We should support Indonesia and its democracy. We never want it to go back to the dark days of authoritarianism. We have supported them because they play an important role in our society as well. There are about 15,000 Indonesian students enrolled in educational institutions here, and they play an important role. If we want students from Indonesia to go back to their country and take up positions of leadership in the economy, in sport, in culture and in politics, it is important that we also deal with them and educate them. They make an important contribution to both their country and our economic development as they pay their way in our universities.
People from our Institute of Sport assist them with their athletics team and its aspirations to be the leading nation in the Asian games. They have slipped back in the last few years, but they aspire to be the best they can, particularly in the area of athletics. Compared to some of their neighbours they are excellent at athletics, but they aspire to be better in the areas of soccer, badminton, weightlifting and other sports as well.
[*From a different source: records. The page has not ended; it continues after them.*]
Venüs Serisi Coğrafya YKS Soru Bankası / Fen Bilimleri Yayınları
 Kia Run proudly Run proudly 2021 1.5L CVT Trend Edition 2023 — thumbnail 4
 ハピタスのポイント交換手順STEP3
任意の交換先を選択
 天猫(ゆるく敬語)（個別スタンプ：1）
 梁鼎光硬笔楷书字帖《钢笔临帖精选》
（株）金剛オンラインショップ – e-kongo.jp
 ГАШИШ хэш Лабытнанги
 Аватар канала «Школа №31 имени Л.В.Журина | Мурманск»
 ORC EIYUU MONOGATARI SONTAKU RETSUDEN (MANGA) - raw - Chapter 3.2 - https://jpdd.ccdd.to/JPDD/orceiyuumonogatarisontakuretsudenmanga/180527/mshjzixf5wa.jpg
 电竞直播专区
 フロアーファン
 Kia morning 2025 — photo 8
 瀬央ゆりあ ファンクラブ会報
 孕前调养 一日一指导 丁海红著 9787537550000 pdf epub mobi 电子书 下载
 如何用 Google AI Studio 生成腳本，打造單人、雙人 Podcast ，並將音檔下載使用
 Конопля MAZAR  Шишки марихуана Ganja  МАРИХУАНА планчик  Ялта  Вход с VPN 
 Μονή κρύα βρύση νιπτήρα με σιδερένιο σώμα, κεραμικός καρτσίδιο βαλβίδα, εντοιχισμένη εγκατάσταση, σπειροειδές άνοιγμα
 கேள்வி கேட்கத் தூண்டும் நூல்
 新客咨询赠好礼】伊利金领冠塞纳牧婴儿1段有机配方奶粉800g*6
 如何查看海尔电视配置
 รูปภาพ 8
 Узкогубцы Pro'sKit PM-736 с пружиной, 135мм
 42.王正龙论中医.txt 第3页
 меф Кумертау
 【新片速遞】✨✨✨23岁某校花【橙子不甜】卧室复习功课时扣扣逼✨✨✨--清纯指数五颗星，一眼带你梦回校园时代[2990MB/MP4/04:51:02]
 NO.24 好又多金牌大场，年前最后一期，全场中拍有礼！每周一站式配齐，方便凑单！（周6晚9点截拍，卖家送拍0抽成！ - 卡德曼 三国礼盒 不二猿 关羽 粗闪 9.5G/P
We have also entered into a $2.5 billion, five-year development partnership with Indonesia. Throughout our relationship with Indonesia, we have supported economic development cooperation. Our interfaith dialogue, between Christian and Muslim communities, is important.
We have also signed a joint statement on climate change. We are helping them with the reafforestation and the challenges in central Kalimantan and also the challenges that they face with the decline in the number of orangutan in central Kalimantan. In the circumstances we are helping them also with their primary schools and their education funding. The Speaker and I have visited schools in Indonesia to see and discuss the great work that people there are doing. And it is not just in the schools—we are trying also to undertake reafforestation in central Kalimantan. This is important in terms of the challenges of climate change.
Harry Jenkins (Speaker) Share this | Link to this | Hansard source
Order! It being 2 pm, the debate is interrupted in accordance with standing order 97. The debate may be resumed at a later hour and the member for Blair will have leave to continue speaking when the debate is resumed.